With Split DWARF the resulting object file (then called skeleton CU)
contains the file name of another ("DWO") file with the debug info.
This can be a problem for remote compilation, as it will contain the
name of the file on the compilation server, not on the client.

To use Split DWARF with remote compilation, one needs to either

  • make sure only relative paths are used, and mirror the build directory structure of the client on the server,
  • inject the desired file name on the client directly.
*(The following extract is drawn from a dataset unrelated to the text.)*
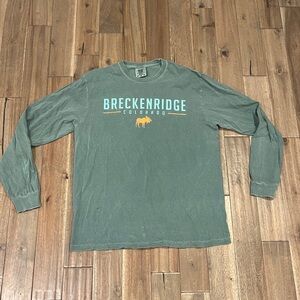 Comfort Colors Breckenridge Colorado Moose Graphic Shirt Long Sleeve Women’s M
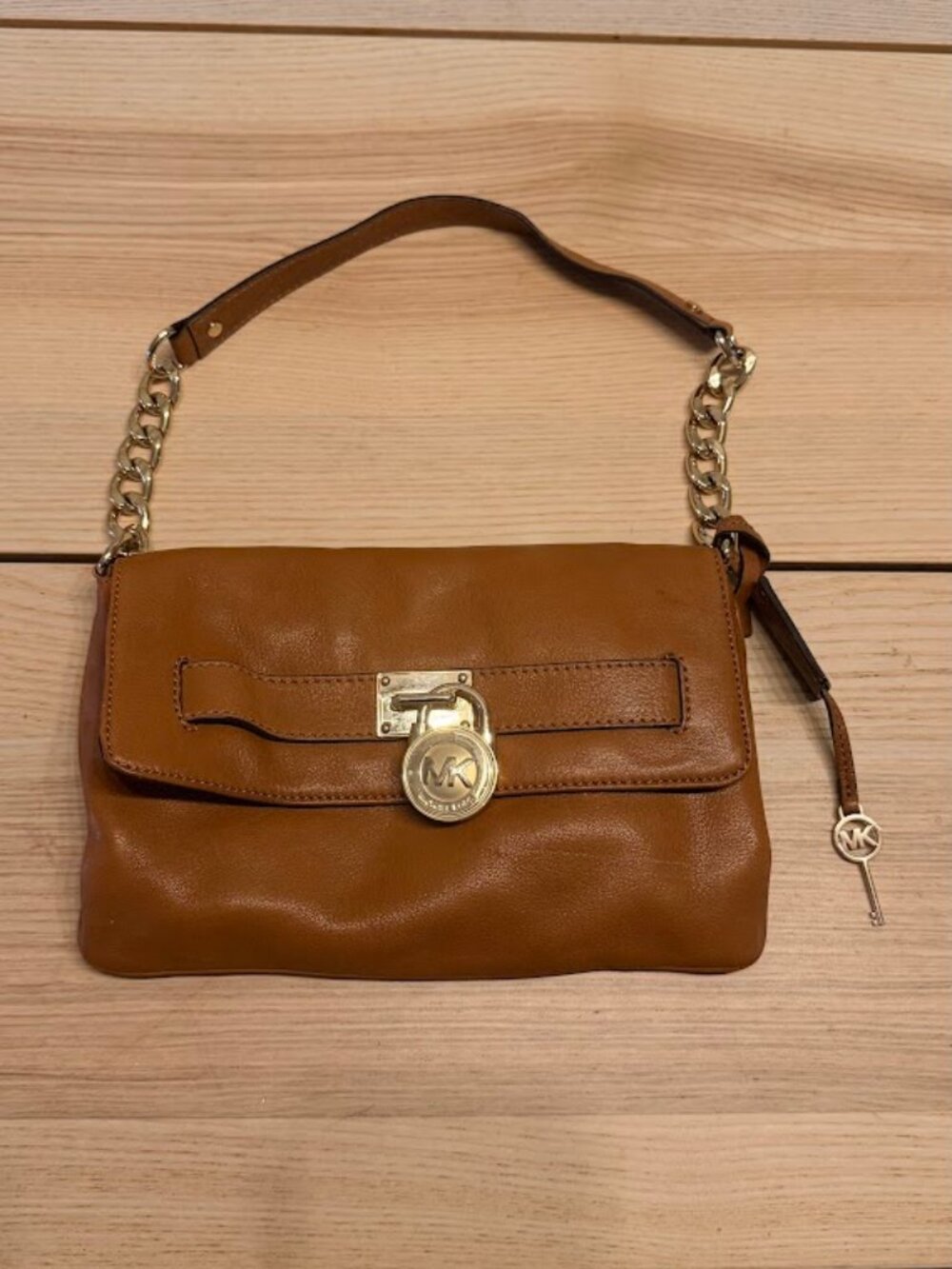 Michael Kors Hamilton Envelope Flap Shoulder Bag Brown with Gold Hardware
Since llc already supports the latter solution, we're just copying that
over. We allow setting the actual output filename separately from the
value of the DW_AT_[GNU_]dwo_name attribute in the skeleton CU.

Fixes PR40276.

Diff Detail

Event Timeline

aaronpuchert created this revision.Mar 21 2019, 3:21 PM
Herald added a project: Restricted Project. · View Herald TranscriptMar 21 2019, 3:21 PM

Pleasue include mention of the bug (PR40276) in the commit message & clarify that while this is useful for some remote compilation models, it's not strictly necessary/the only way to do it (a remote compilation model that keeps relative paths and uses compilation-dir instead can work without this attribute)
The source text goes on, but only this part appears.